Quant à l’audio, seule une piste originale encodée en DTS-HD Master 2.0 est incluse. À noter que les sous-titres français sont imposés. Ce n’est pas un problème en soi, même si l’on apprécie que le spectateur ait le choix des options de visionnage. L’audio est correct, sans distorsion, mais aurait gagné à être un peu plus puissante pour que le public n’ait pas à augmenter le son. Les voix sont claires et intelligibles. Il est difficile d’en demander plus étant donné l’âge et le style de l’œuvre.
Test Bonus
Wild Side a soigné son édition ! Déjà mise en avant par son artwork original et de bon goût, les suppléments offerts sont tous dignes d’intérêt. Les passionnées regretteront cependant l’absence du commentaire audio du spécialiste du film noir Eddie Muller, ainsi que la piste isolée des musiques du film. Ces deux bonus sont disponibles sur le Blu-ray américain.
- Film-annonce (1:45 min) : en version originale non-restaurée sous-titrée.
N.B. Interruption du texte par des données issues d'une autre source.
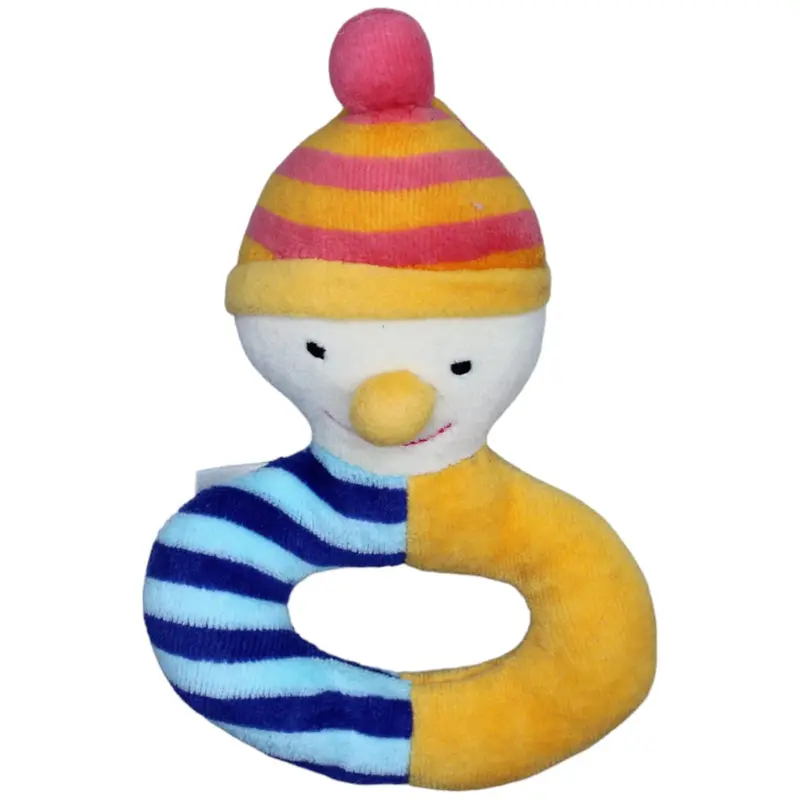 Clown mit gelber Nase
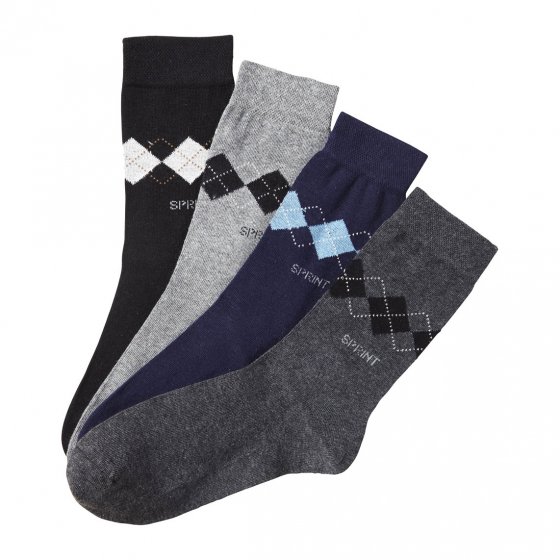 Komfortsocken im 4er-Set 4er-Set 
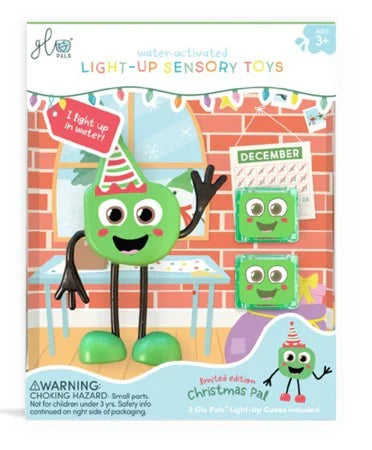 Glo Pals Light-up Sensory Toys - Limited Edition Christmas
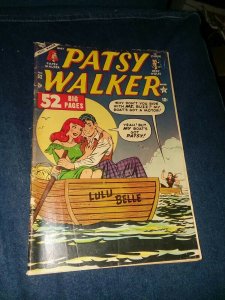 Patsy Walker #52 atlas marvel comics 1954 golden age hedy wolfe good girl art
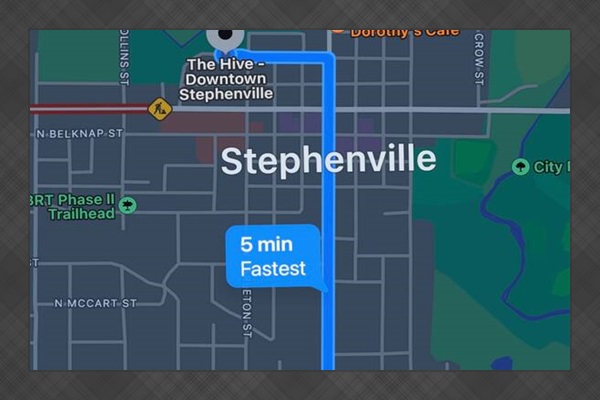 Located just one mile from Tarleton State University, this property is ideal for campus visits or events.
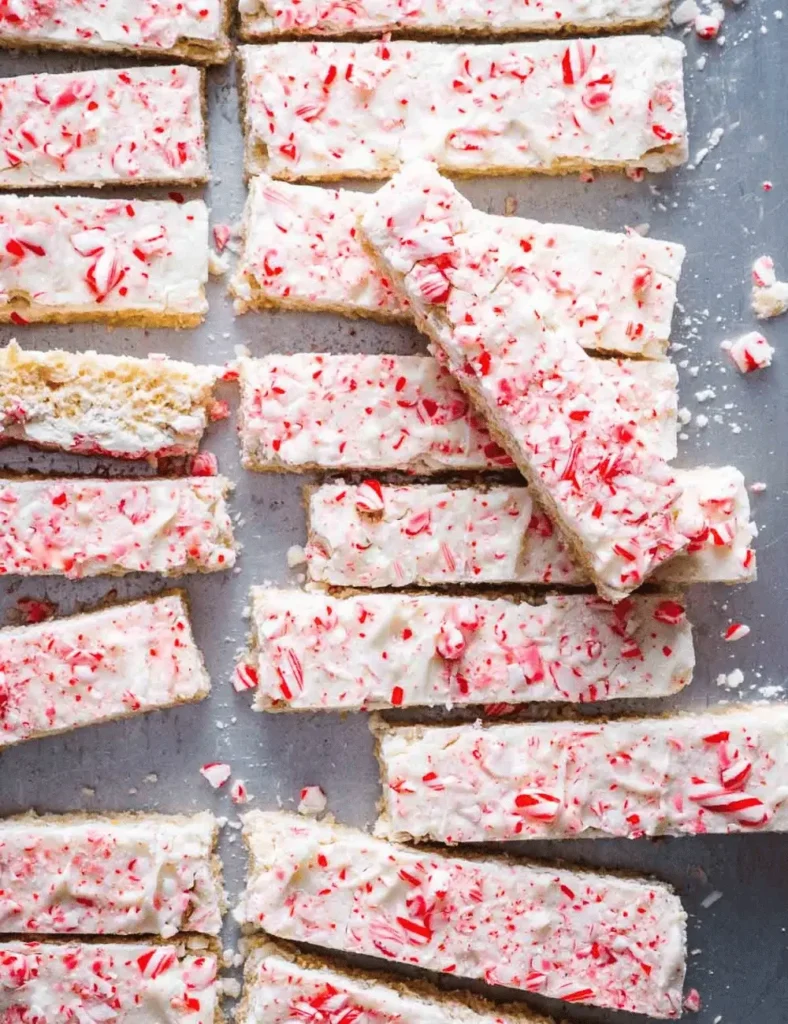 Peppermint Rice Krispie Treats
- Gene Tierney, une star oubliée (52:09 min) : documentaire produit en 2016 par Wichita Films & OCS, et réalisé par Julia et Clara Kuperberg. Les intervenants sont nombreux : Martin Scorsese (Le Loup de Wall Street), Molly Haskell (critique de cinéma), Joseph McBride (historien du cinéma), et plusieurs petits-enfants de l’actrice dont Alexandre Cassini Belmont et Delphina Del Pozo. Le moyen métrage est narré par l’interprète Barbara Weber Scaff, qui conte les mémoires de Tierney. Pendant près d’une heure, la vie personnelle et professionnelle de cette dernière sont mises sous le feu des projecteurs. Les anecdotes pleuvent. Nous apprenons notamment qu’elle fut repérée lors d’une visite d’un studio, qu’elle était l’une des « Fox Girls », et que sa réaction face au visionnage de son premier film fut… Qu’elle détestât sa voix ! Mais Hollywood n’est pas tendre avec la femme qui travaille avec des réalisateurs qualifiés de « tyrans ». Les interviewés reviennent également sur la dépression de l’interprète de Morgan, sa première grossesse difficile, et sa relation avec le futur président des États-Unis : John Fitzgerald Kennedy. Le supplément se finit sur une note positive, présentant une personne heureuse et accomplie. De multiples extraits d’archives (bouts d’essais, vidéos privées…) et de films tirés de son curriculum vitae viennent ponctuer le documentaire.
- Otto Preminger, cinéaste par Peter Bogdanovich (33:24 min) : ce supplément est présenté par l’acteur, critique et réalisateur américain qui commente la filmographie de Preminger. Parmi les films mentionnés : le « branché et très raffiné » Laura (1944) et Mark Dixon avec ses scènes tournées sans coupure. L’esprit pionnier du réalisateur est un des traits sur lequel Peter Bogdanovich (Broadway Therapy) se focalise avec attention. En effet, il a été le premier cinéaste réputé à utiliser le format cinémascope pour le tournage de Rivière sans retour avec Marilyn Monroe. Il a aussi « brisé la liste noire d’Hollywood » en travaillant avec un scénariste déprécié sur Exodus (1960). Connu pour aborder des problèmes sociaux, économiques, religieux et politiques à travers ses créations, Preminger se différencie de ses contemporains. Bogdanovich conclut en partageant une énième anecdote : à savoir que l’homme aurait aimé réaliser Question ouverte, film portant sur l’affaire Rosenberg. L’entretien a été mené en 2006, mais sa présentation a été remaniée en 2017 par Fiction Factory. Plusieurs extraits et affiches viennent illustrer ce documentaire.
- Livret (60 pages) : mis en page dans une présentation semblable à celle du coffret, son texte est écrit par Frédéric Albert Lévy. L’auteur revient entre autres sur les divergences artistiques rencontrées par Otto Preminger et Darryl Zanuck de Fox, sur les remaniements du scénario, et sur les critiques concernant Mark Dixon, détective. Quantité de photos, parfois rares, viennent enrichir ces dizaines de pages.